# Propolis



## Noel V (Jun 17, 2008)

any idea of what propolis sells for an how much u get per summer?


----------



## Durandal (Sep 5, 2007)

I saw somewhere 12.00 a pound wholesale.

Not too sure if that is accurate or not. Right now I am looking at about 8 to 10 oz with this one hive, which I think is a lot...maybe not. That was with the screen on for 21 days.

This is my first year, so take whatever I say in terms of price as pure fiction. I am learning as I go.

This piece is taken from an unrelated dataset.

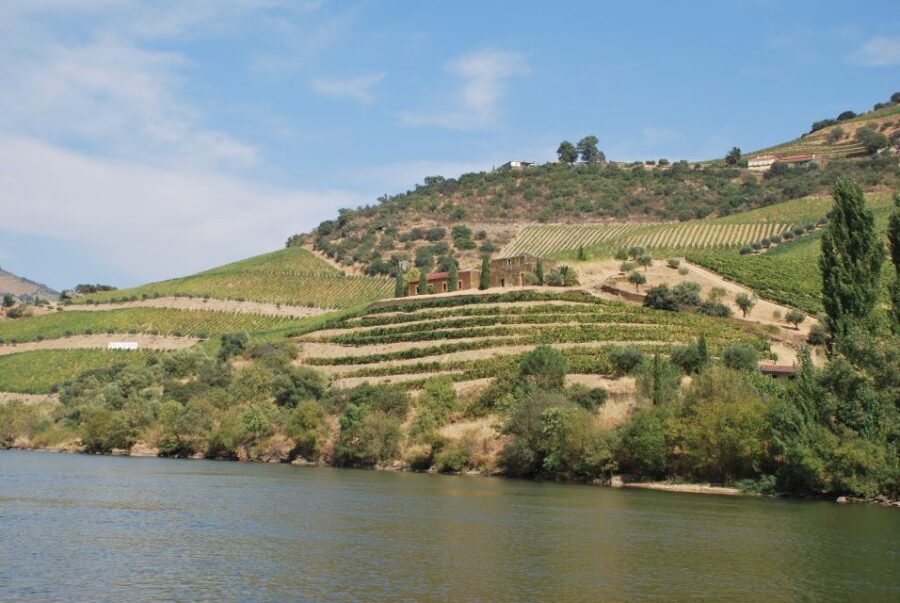Pinhão: 2-Hour Rabelo Boat Tour with Audio Guide - Why the Pinhão to Tua route feels like the sweet spot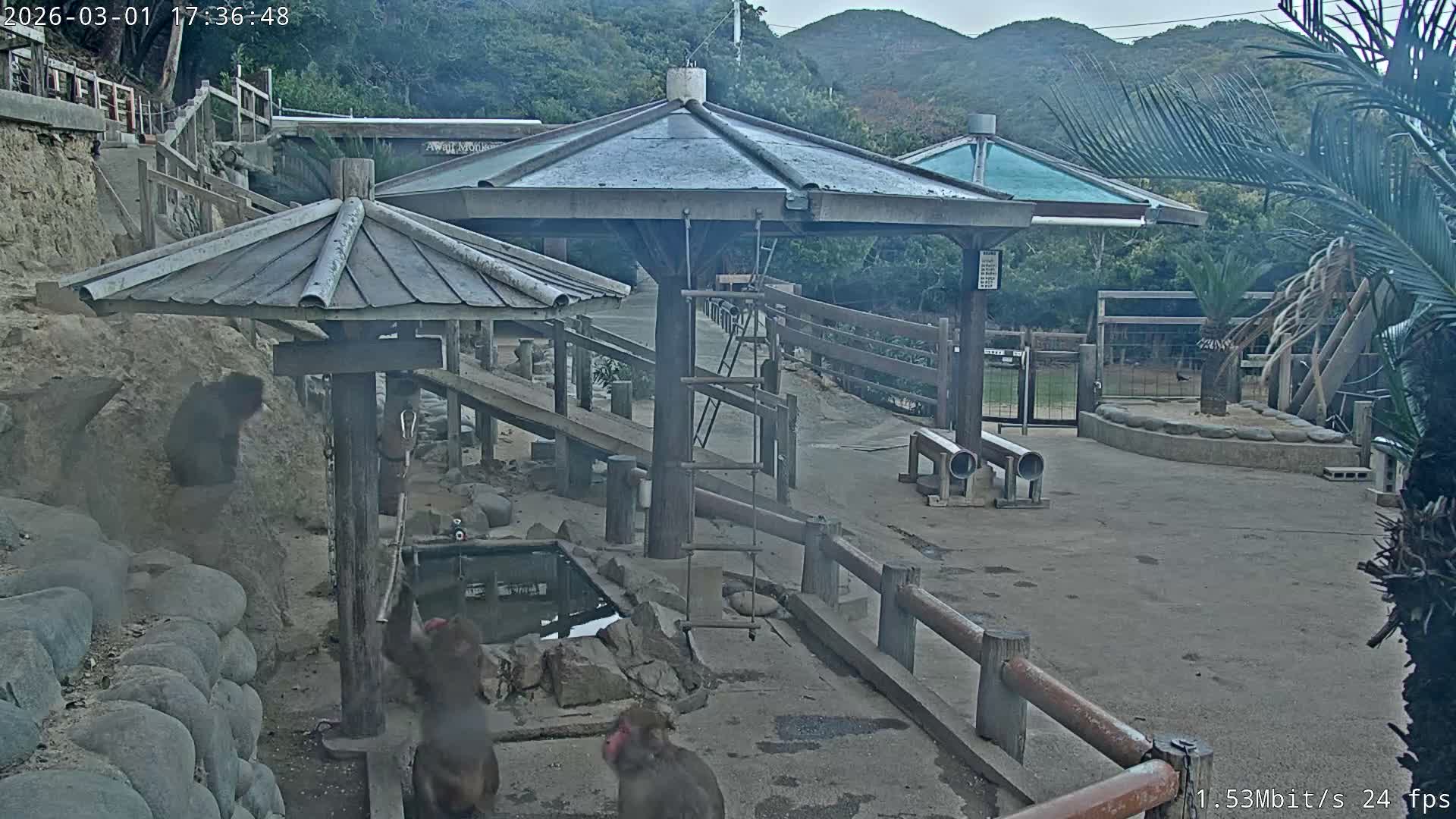 Awaji Island, Awaji Monkey Center ( 淡路島モンキーセンター) Live Cam - Hatadagumi, Sumoto Shi, Hyogo, Kansai,  Japan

I have sold lots of honey and while I have been collecting pollen have yet to sell any...or try to sell any.


----------



## J.T Bees (Oct 9, 2007)

Does anyone know of someone who would by propolis in smaller quantities. Anywhere i have looked you have to have a lot of it in order for them to buy from you. I only have 4 hives to harvest from.


----------



## Hobie (Jun 1, 2006)

Bees are unique. I have a hive that is a swarm from another hive. The swarm propolizes the bejeezus out of everything, and the original does not. Go figure.


----------



## dug_6238 (May 9, 2007)

Hobie said:


> Bees are unique. I have a hive that is a swarm from another hive. The swarm propolizes the bejeezus out of everything, and the original does not. Go figure.


My Russians and my Russian-mongrels that came from them are horrible for propolis too..


----------



## beemandan (Dec 5, 2005)

dug_6238 said:


> My Russians and my Russian-mongrels that came from them are *horrible* for propolis too..


Or great, depending on your perspective.


----------